Thickness dependence of antiferromagnetic phase transition in Heisenberg-type MnPS3

TL;DR

This study investigates how the antiferromagnetic transition temperature in MnPS3 varies with layer thickness, revealing that interlayer interactions significantly influence magnetic stability in 2D layered materials.

Contribution

It provides the first detailed analysis of the thickness dependence of TN in MnPS3, highlighting the role of interlayer vdW interactions in magnetic ordering.

Findings

TN decreases slightly from 78 K to 66 K from bulk to 3 layers

Antiferromagnetic order remains relatively stable in few-layer MnPS3

Interlayer vdW interactions are crucial for magnetic stability in 2D materials

Abstract

The behavior of 2-dimensional (2D) van der Waals (vdW) layered magnetic materials in the 2D limit of the few-layer thickness is an important fundamental issue for the understanding of the magnetic ordering in lower dimensions.
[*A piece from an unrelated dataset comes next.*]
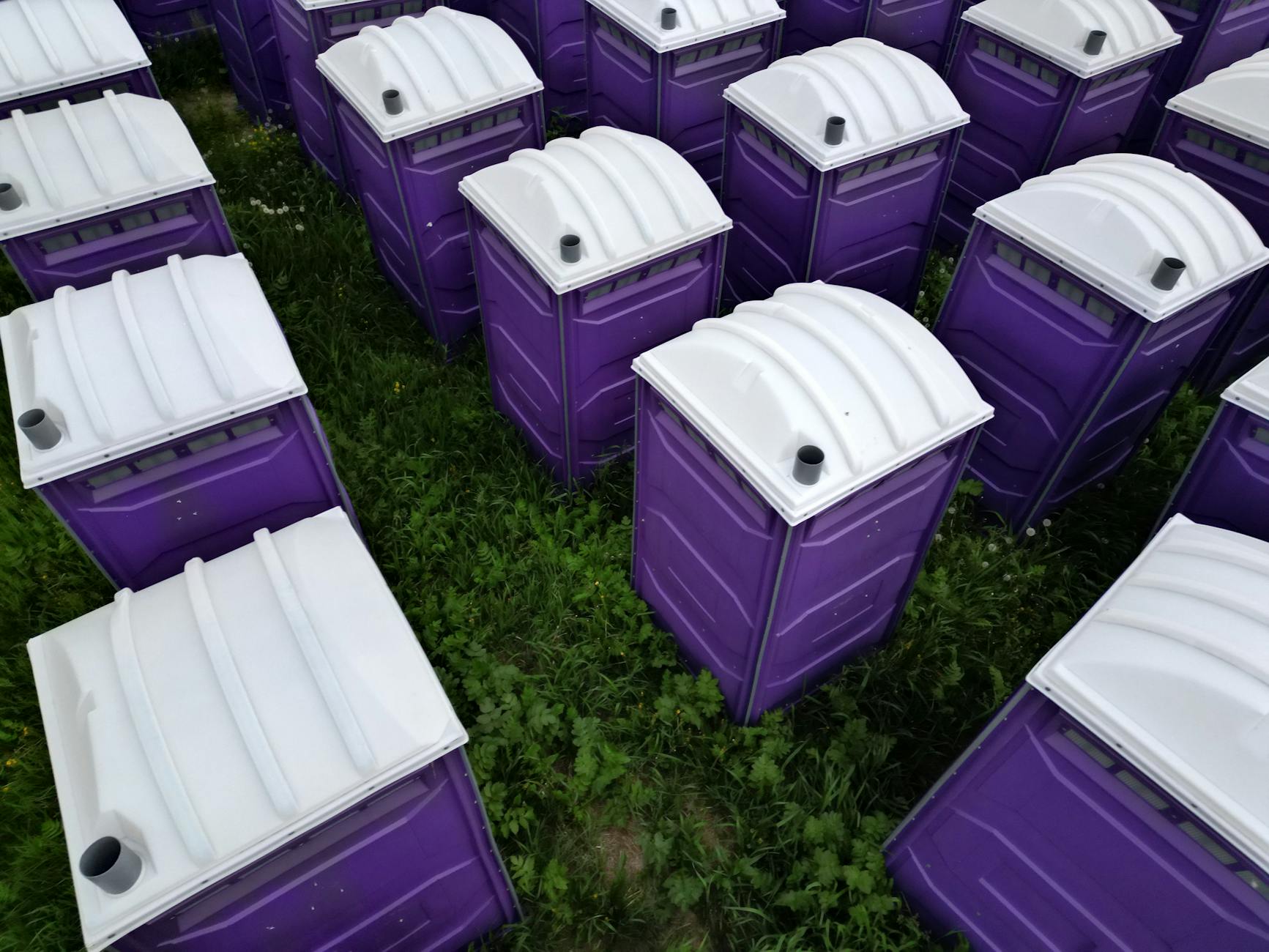 Porta Potty Rental Cost in Tulsa: 2026 Pricing Guide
The antiferromagnetic transition temperature TN of the Heisenberg-type 2D magnetic vdW material MnPS3 was estimated as a function of the number of layers. The antiferromagnetic transition was identified by temperature-dependent Raman spectroscopy, from the broadening of a phonon peak at 155 cm-1, accompanied by an abrupt redshift and an increase of its spectral weight. TN is found to decrease only slightly from ~78 K for bulk to ~ 66 K for 3L. The small reduction of TN in thin MnPS3 approaching the 2D limit implies that the interlayer vdW interaction is playing an important role in stabilizing magnetic ordering in layered magnetic materials.